Data block:
-=-=-
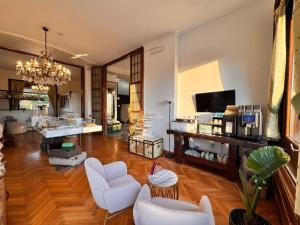 a living room with white chairs and a piano at Hotel La Fontana in Stresa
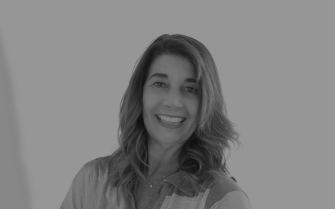 Foto em preto e branco da zootecnista Mônica Junqueira. Na foto ela aparece sorrindo, veste um camisa, usa um colar com ponto de luz e cabelos louros e na altura dos ombros.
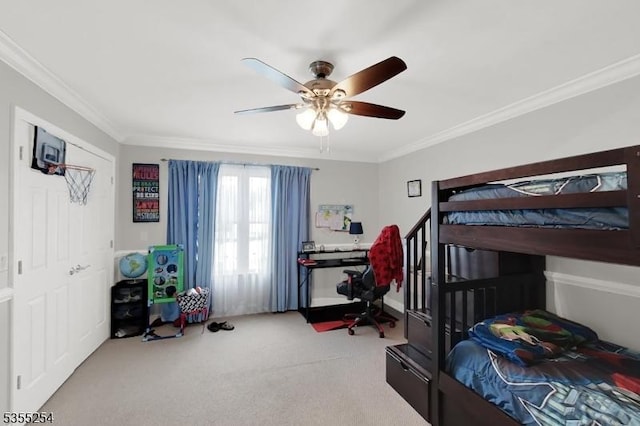 carpeted bedroom with crown molding and ceiling fan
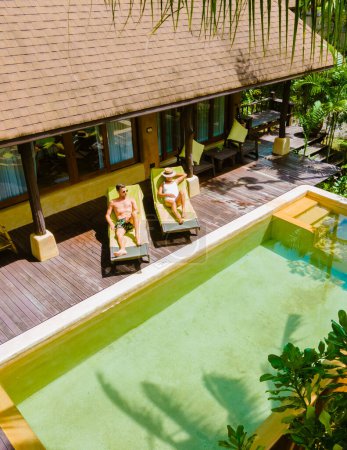 Téléchargez les photos : Maison moderne avec piscine, villa moderne avec piscine sur la plage, villa de luxe en Thaïlande, un couple d'hommes et de femmes en vacances de luxe en Thaïlande dans un complexe 5 étoiles relaxant dans la piscine - en image libre de droit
-=-=-
The problem: Would you reproduce each line of the material exactly, omitting the images?

Finished task:
 a living room with white chairs and a piano at Hotel La Fontana in Stresa
 Foto em preto e branco da zootecnista Mônica Junqueira. Na foto ela aparece sorrindo, veste um camisa, usa um colar com ponto de luz e cabelos louros e na altura dos ombros.
 carpeted bedroom with crown molding and ceiling fan
 Téléchargez les photos : Maison moderne avec piscine, villa moderne avec piscine sur la plage, villa de luxe en Thaïlande, un couple d'hommes et de femmes en vacances de luxe en Thaïlande dans un complexe 5 étoiles relaxant dans la piscine - en image libre de droit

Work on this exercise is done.